Dying for a laugh...

Ben Yeomans muses on tanking on stage

The pause. It’s the damn pause – the pause that gets me every time.

The accompanying full-body cringe that marks the descent into car crash.

The physical manifestation of awkward that decimates even the experienced ones; the ones you thought it didn’t still happen to - couldn’t happen to.

The pause, as the comic brain screams one last protesting, ‘I assure you this has worked before’ before promptly self-lobotomising and leaving mind, body and soul to their vacant, frozen fate. Frozen to the spot by your own cowardly mind, who has run away and left you to this debacle. Frozen is bad – if you stay still, they’ll get you.

An increasingly disgruntled audience who by now have lost absolutely all faith - had there been any to begin with - looks on in pure contempt.

‘What were you possibly hoping to achieve, you rank amateur? Do you seriously expect us to believe you’ve done this before? What in the world, for an iota of a nano-second, made you imagine that that might be funny? That you might be funny?’

Some of the audience – other comics – identify and relate to the condition; looking away in some attempt to minimise the wreckage, but it’s no use – the pause has stimulated something primal. Something that should have died out with the Romans and coliseums and gladiatorial amphitheatres. They smell blood. And they are going to have it. The daggered stares perforate as just enough of you is left to ponder ‘What a curious thing it is: to have a room full of strangers actively wishing you harm – I wonder how this could possibly have come to pass?’

And you swear that this wasn’t what you were going for. That only the other night this had all gone really rather well – why couldn’t you have seen me then? Deaf ears. From the baying mob and from your peers, who are going to have to work so much harder now to deal with the room you have stunk out so effectively. They might not even manage it, at least not straight away. And they’ll remember this far more clearly than any occasion you did well.
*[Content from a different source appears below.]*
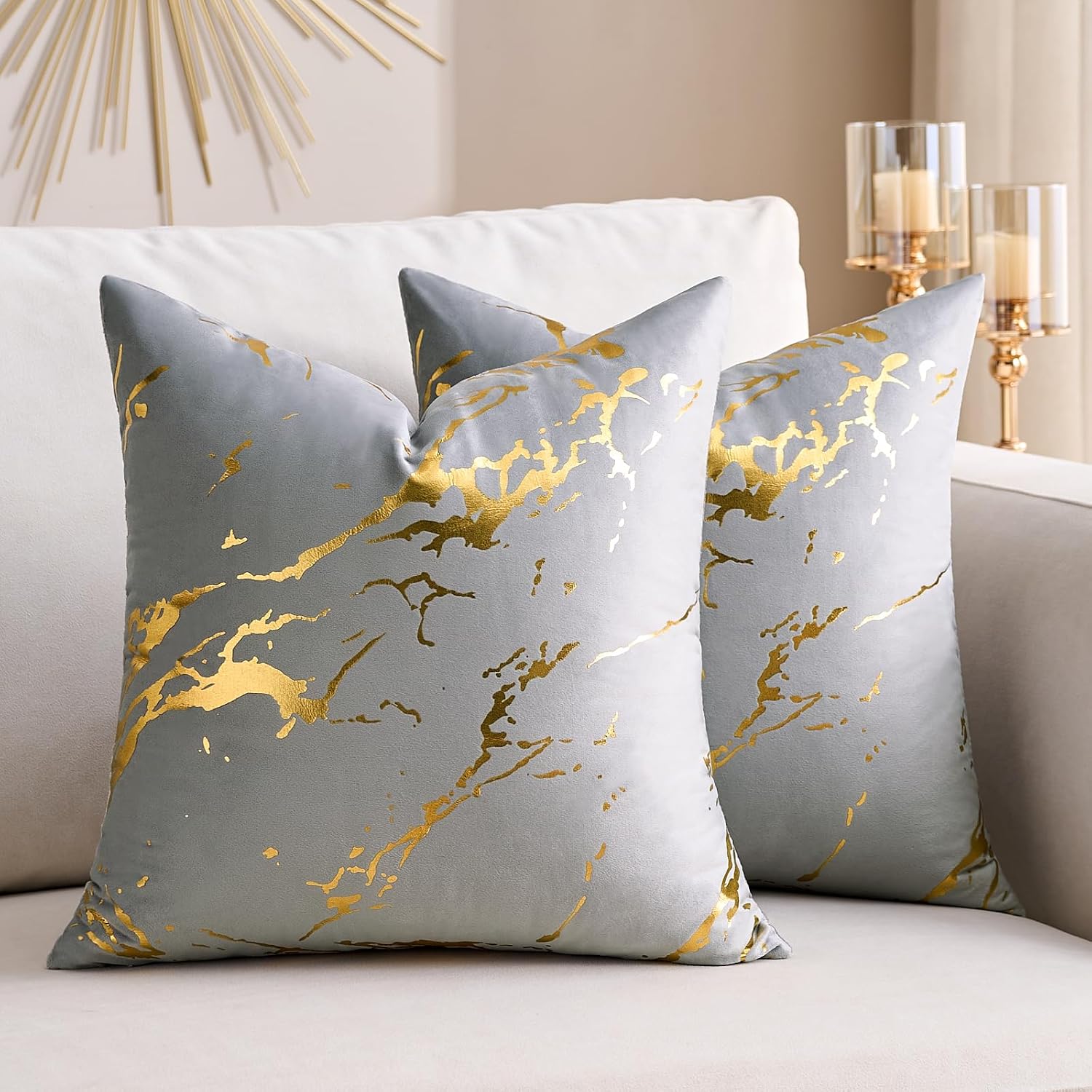 Gray And Gold Throw Pillows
I used to be quite a regular audience member at the Old Rope new material night in Oxford Circus for lots of reasons – for kick-off, it’s a fantastically well run club where you can see a lot of established comics for not much money. But there’s something about the thing’s very existence – the actual need for there to be a venue that specifically allows pros to road-test new stuff in a comparatively safe and comedy-savvy environment. Somewhere the ones who aren’t meant to die anymore can die in anonymity.
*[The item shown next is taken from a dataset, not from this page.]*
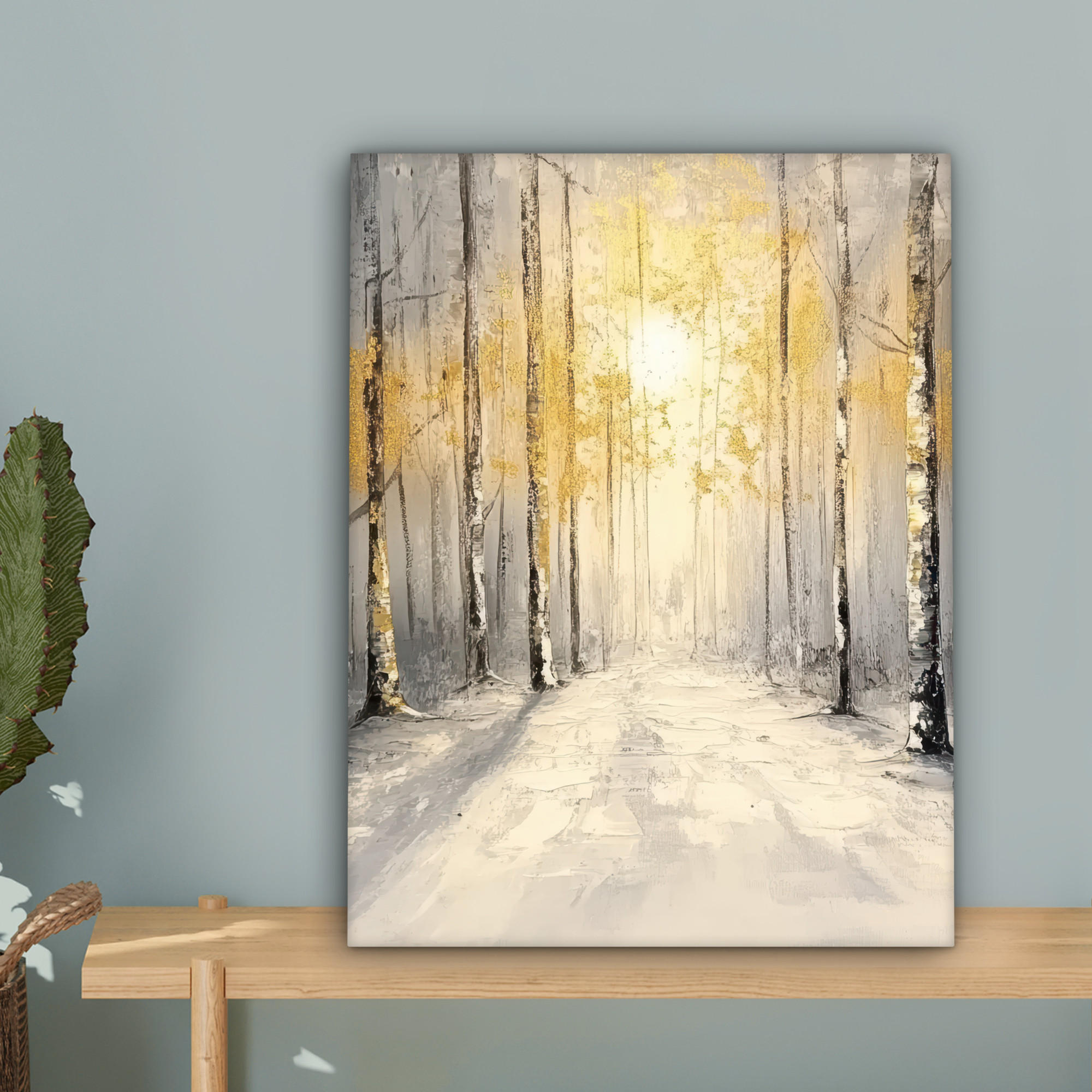 MuchoWow Leinwandbild Grau 30x40 cm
There’s a noose on the stage just for you, my friend. And there can be a kind of schadenfreude to it in a ‘self-help group’ sort of way – watching people you know to be fantastic comics and sometimes their new stuff still tanks. Which means it’s got to be ok when I do it. When you do it.

I once heard a comic say: ‘If comedians were honest, whenever they got on stage, the first words out of their mouths would be, ‘Please like me. Please. Like me’.”

Beware the pause – it has other ideas.